### What is being asked
Please write out exactly the lines from the one with "07–14 Audi TT" through the end of the data below, both ends included, and omit any pictures.

(Data shown Opens)

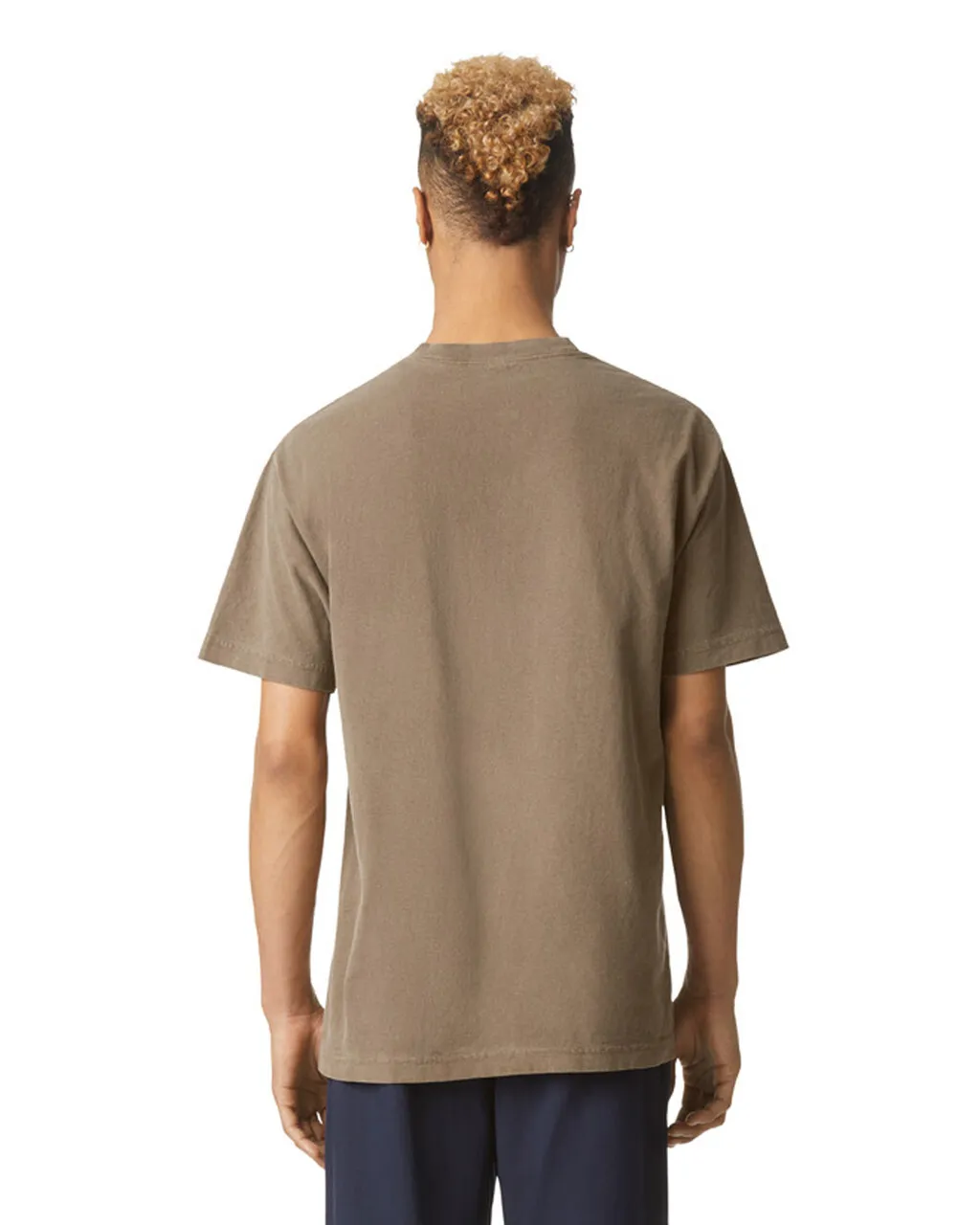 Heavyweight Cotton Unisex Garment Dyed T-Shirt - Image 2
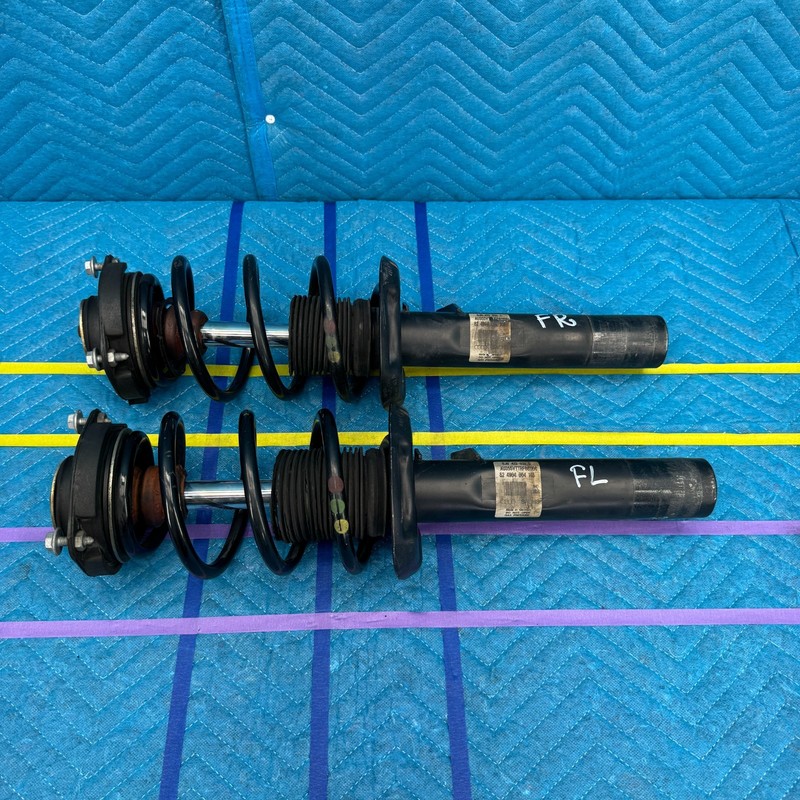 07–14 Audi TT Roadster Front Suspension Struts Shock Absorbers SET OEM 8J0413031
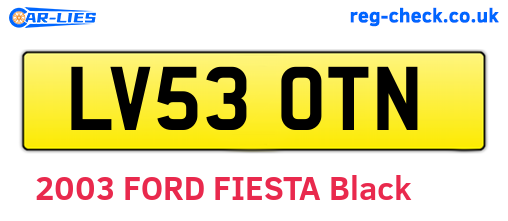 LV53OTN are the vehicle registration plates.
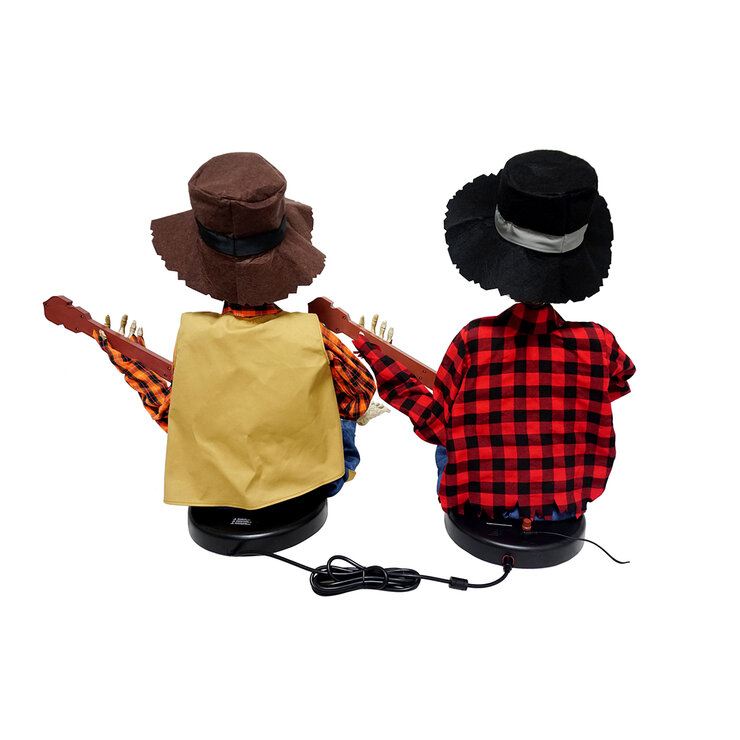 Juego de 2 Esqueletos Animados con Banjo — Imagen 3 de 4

(Data shown Closes)

### Problem solution
 07–14 Audi TT Roadster Front Suspension Struts Shock Absorbers SET OEM 8J0413031
 LV53OTN are the vehicle registration plates.
 Juego de 2 Esqueletos Animados con Banjo — Imagen 3 de 4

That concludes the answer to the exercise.